"What the country needs most now is not more government stimulus, but more stimulation. We need to get millions of American kids, not just the geniuses, excited about innovation and entrepreneurship again. We need to make 2010 what Obama should have made 2009: the year of innovation, the year of making our pie bigger, the year of “Start-Up America.”..."Obama should bring together the country’s leading innovators and ask them: “What legislation, what tax incentives, do we need right now to replicate you all a million times over” — and make that his No. 1 priority. Inspiring, reviving and empowering Start-up America is his moon shot..."To illustrate, we use the Production Possiblities Frontier. This model represents the productive capacity of an economy IF it is fully-employing all of its productive resouces--land, labor, capital, entrepreneurship in the LEAST costly way. In other words, how much can we produce as efficiently as possible given our societal resources.

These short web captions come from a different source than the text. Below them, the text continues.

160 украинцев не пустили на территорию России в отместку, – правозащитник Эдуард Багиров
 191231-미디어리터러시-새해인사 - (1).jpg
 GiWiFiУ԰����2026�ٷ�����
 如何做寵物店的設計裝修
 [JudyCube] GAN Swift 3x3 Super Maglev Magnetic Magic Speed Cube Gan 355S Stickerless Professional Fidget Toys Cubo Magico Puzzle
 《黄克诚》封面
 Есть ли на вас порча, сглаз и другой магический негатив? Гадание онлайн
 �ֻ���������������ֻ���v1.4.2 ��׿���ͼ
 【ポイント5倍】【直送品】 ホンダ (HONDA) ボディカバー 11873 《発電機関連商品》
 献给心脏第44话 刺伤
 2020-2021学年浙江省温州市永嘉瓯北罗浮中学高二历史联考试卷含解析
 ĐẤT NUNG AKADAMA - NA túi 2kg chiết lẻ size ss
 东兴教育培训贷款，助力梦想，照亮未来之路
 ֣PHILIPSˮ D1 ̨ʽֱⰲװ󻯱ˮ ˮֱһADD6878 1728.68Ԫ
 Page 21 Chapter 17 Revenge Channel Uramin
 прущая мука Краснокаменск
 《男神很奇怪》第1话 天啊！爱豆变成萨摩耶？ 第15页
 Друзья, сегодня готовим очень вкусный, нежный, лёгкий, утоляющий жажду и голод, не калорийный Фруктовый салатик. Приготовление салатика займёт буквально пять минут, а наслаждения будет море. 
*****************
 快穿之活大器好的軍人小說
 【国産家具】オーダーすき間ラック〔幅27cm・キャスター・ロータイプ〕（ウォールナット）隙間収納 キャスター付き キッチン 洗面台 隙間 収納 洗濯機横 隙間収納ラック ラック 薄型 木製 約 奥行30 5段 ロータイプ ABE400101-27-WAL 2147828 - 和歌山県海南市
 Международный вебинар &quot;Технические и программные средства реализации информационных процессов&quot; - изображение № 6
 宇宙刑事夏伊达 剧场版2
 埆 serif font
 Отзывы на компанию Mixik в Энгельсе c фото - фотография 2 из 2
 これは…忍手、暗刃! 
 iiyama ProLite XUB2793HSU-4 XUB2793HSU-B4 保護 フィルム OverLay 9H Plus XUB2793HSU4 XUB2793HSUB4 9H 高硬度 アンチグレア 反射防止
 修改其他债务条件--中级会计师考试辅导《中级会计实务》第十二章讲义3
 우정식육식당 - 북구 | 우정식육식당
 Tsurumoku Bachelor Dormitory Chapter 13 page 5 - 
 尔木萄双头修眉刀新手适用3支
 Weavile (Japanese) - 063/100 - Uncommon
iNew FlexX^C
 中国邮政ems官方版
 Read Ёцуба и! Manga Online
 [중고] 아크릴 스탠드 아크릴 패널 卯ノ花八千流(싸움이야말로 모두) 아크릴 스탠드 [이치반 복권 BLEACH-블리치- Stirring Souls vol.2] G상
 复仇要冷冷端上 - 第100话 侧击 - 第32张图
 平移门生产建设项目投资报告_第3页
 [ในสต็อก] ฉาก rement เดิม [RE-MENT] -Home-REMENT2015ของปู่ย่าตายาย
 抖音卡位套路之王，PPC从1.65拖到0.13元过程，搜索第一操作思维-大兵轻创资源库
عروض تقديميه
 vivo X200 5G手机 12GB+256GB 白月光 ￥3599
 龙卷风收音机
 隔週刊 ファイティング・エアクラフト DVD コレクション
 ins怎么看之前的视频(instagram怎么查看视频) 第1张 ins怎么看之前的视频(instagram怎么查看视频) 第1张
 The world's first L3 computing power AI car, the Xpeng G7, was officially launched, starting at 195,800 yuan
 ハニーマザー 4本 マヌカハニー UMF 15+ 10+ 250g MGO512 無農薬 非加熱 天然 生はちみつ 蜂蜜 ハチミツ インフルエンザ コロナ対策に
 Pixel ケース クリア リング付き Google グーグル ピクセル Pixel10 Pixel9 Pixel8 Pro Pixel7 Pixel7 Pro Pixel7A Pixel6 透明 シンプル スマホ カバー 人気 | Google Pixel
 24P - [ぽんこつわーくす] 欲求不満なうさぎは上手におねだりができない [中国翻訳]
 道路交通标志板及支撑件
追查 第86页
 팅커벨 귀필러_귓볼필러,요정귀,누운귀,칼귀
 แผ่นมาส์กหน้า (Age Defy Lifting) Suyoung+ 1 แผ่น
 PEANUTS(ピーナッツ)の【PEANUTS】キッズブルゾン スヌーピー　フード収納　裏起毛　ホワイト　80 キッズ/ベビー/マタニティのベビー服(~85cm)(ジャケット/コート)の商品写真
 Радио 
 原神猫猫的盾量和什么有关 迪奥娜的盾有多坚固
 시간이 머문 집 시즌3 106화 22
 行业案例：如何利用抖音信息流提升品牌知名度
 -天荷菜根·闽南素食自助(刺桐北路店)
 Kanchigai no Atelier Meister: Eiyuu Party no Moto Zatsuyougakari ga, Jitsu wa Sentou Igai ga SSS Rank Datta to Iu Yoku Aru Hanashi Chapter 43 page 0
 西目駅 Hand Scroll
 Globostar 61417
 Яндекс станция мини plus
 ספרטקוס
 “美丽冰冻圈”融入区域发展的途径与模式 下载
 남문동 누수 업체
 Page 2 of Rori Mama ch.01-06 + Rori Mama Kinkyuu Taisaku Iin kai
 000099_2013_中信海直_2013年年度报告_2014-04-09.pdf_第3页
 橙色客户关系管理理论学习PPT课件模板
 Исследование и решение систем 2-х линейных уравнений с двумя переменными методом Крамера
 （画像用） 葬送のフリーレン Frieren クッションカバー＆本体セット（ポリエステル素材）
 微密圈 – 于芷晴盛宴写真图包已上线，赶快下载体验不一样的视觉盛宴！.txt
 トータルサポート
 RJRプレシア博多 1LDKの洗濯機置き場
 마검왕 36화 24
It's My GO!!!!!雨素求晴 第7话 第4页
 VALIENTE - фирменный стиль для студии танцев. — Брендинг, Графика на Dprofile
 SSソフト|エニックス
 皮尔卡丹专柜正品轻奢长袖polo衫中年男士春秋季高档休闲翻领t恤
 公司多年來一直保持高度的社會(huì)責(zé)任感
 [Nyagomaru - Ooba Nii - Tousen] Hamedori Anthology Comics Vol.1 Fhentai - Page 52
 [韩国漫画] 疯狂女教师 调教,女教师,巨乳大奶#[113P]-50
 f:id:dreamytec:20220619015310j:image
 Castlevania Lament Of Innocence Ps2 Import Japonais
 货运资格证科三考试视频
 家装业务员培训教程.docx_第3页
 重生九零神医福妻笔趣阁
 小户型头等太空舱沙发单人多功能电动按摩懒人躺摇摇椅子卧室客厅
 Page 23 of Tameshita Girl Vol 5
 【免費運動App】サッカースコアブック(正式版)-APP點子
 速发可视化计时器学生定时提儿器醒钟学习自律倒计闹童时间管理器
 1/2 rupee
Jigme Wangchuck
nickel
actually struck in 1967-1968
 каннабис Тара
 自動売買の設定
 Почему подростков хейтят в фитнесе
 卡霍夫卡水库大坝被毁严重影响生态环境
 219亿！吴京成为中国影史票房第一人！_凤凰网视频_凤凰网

Refer to the graph below:
An economy can produce two broad categories of goods---(1) Capital Goods, which are goods designed to add to productivity, such as education, skilled labor, machinery, computers, factories, etc. Essentially the things we invest in today so that it enhances our ability produce in the future. The amount of Capital an economy has is part of its "CAPITAL STOCK"--or Stock of Capital to produce goods. The quality and quantity of Capital Stock is VITAL to an economy's current and future standard of living. (2) Consumer Goods are goods produced for present consumption and don't significantly add to future production ( food items basic to survival, fast food, consumer electronics, clothes, appliances and other "consume now" goods.
Assume our economy is producing at Point "A" on our graph. Because we are ON the PPF it means we are utilizing all of our productive resouces in the least costly way. We are said to be "PRODUCTIVELY EFFICIENT" at this point, fully employing all our productive resources at the lowest cost in terms of societial resouces. Now, do we HAVE to produce at Point "A"? NO! We COULD produce ANYWHERE on the PPF, but this economy finds itself producing "X* Capital Goods and "Y* Consumer Goods" . This seems to be this economy's preferred bundle of Capital and Consumer Goods. WHERE a society decides to produce on the PPF is called an "ALLOCATIVE EFFICIENCY" decision. So, this economy is productively efficient at point "A" and it has reached and allocative efficiency at point "A" as well...
I believe Friedman is suggesting (in this article and MANY others) that what we should do is shift resources towards "activities" that promote furture economic opportunities, ergo economic growth. This would entail "giving up" some current consumption and investing in education, entrepreneurship, and "capital" so we can create the jobs of the future. This would nessecitate a movement along our PPF to a new point, Point "B". (See Graph below) Remember, we MUST give up something in order to have more of something else (OPPORTUNITY COST!)
At Point "B" we are producing MORE Capital Goods relative to Consumer Goods compared to our previous Point "A". We have ADDED to our CAPITAL STOCK and subtracted from our Consumer Good production.
With this INCREASE in Capital Stock the economy now has the ability to produce MORE Goods (we have better education, more innovation, more entrepreneuship) that will lead to MORE productivity gains. Our PPF will INCREASE, or shift to the right reresenting the economy's ability to produce MORE CAPITAL AND CONSUMER GOODS. See Graph below...
At Point "C" the economy can now produce Y2 number of consumer goods AND... (see graph below).
...we can now produce "X2" number of Capital Goods...Essentially, we can now produce MORE of BOTH Capital and Consumer Goods...Think about it this way---we gave up present consumption in order to invest in the future. With the subsequent increase in Capital Stock we can now produce more goods. The economy is going need MORE workers to produce those goods. Workers will have more income (and the nation as a whole will also) and they will want to buy MORE consumer goods and that will stimulate production of consumer goods (which the economy can NOW accommodate )...As a result, the WHOLE PPF will shift to the RIGHT representing an INCREASE in Productive Capacity. The economy can produce any bundle of Captial and Consumer Goods that is GREATER than it could at the previous PPF. More "stuff" means a higher standard of living!! ..This is what ECONOMIC GROWTH REALLY is!! (for better or worse)...
Can you see the PPF shift before your eyes???Obama should bring together the country’s leading innovators and ask them: “What legislation, what tax incentives, do we need right now to replicate you all a million times over” — and make that his No. 1 priority. Inspiring, reviving and empowering Start-up America is his moon shot....You want more good jobs, spawn more Steve Jobs. Obama should have focused on that from Day 1. He must focus on that for Year 2.
Questions to ask
1. Is Friedman right about what we should do to promote economic growth?
2. Are there other things we can do to promote economic growth?
3. Are the policies that Congress is pursuing now (Healthcare, Banking reform, Cap and Trade, etc) going to hurt or enhance future economic growth? Find the postitve and negatives!!!